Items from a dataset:

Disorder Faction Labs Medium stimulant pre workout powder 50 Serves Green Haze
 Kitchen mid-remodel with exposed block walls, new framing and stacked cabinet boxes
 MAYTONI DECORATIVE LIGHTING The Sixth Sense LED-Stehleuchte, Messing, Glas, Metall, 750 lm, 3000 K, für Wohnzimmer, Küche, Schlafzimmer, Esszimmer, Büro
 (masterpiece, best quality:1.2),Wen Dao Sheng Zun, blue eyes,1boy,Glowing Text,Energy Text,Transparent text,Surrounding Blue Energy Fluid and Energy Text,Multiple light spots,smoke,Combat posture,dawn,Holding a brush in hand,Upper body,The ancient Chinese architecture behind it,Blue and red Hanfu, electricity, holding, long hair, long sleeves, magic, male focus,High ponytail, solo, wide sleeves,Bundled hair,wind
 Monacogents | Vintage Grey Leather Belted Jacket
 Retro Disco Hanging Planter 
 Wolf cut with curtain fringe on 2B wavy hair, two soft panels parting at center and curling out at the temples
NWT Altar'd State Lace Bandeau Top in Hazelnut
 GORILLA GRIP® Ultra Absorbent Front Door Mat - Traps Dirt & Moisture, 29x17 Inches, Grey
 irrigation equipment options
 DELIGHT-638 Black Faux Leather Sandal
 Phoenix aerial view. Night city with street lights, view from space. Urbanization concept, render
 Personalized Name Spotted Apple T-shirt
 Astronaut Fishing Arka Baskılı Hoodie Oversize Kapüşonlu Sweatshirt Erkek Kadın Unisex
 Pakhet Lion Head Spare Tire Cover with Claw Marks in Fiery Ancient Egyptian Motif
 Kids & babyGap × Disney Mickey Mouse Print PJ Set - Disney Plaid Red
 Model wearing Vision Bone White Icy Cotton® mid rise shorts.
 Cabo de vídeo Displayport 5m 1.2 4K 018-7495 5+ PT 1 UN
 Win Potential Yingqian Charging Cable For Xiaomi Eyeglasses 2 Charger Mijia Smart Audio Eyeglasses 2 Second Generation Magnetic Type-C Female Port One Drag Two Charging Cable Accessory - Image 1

TRY IT: Collect each line above holding the string "hair".

ANSWER:
 (masterpiece, best quality:1.2),Wen Dao Sheng Zun, blue eyes,1boy,Glowing Text,Energy Text,Transparent text,Surrounding Blue Energy Fluid and Energy Text,Multiple light spots,smoke,Combat posture,dawn,Holding a brush in hand,Upper body,The ancient Chinese architecture behind it,Blue and red Hanfu, electricity, holding, long hair, long sleeves, magic, male focus,High ponytail, solo, wide sleeves,Bundled hair,wind
 Wolf cut with curtain fringe on 2B wavy hair, two soft panels parting at center and curling out at the temples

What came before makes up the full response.